I keep reading about the carbon cycle and how the ocean is involved in it. I have a few questions that im sure you brilliant minds can answer. I read that it is bad when the ocean absorbs CO2. Why does this cause harm? Also what makes the oceans acidic?


----------



## harif87 (Jun 5, 2006)

It becomes more acidic since when CO2 is absorbed by the ocean it combines with water to make HCO3 which is carbonic acid.


----------



## Damon (Jan 18, 2005)

harif87 said:


> It becomes more acidic since when CO2 is absorbed by the ocean it combines with water to make HCO3 which is carbonic acid.

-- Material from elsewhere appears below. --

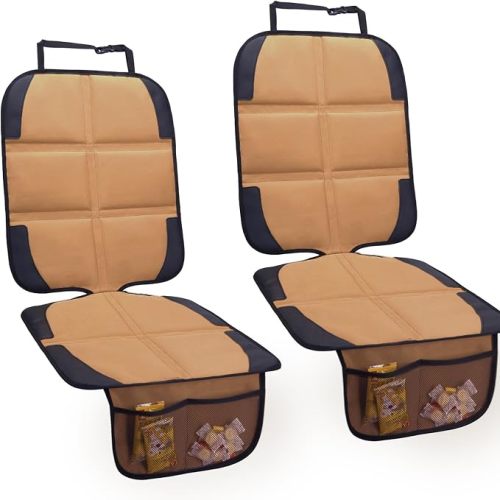Car Seat Protector, 2 Pack Baby CarSeat Protector with Mesh Pockets & Non-Slip Backing 600D Durable Seat Cover Under Baby Child Car Seat, (Black, Standard)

Very good young padawan...... The force is strong in this one....


----------



## AshleytheGreat (Jul 24, 2005)

But doesnt the ocean need carbon. For example i read that corals need it to grow


----------



## aaa (Jan 19, 2005)

but if the level is too high it will cause harm. everything in excess is bad.


----------



## mr.dark-saint (Aug 16, 2005)

Carbonic acid makes the Calcium Reactors and reaction happen. Which desolves aragonite and such to release in to the tank for the corals to use.


----------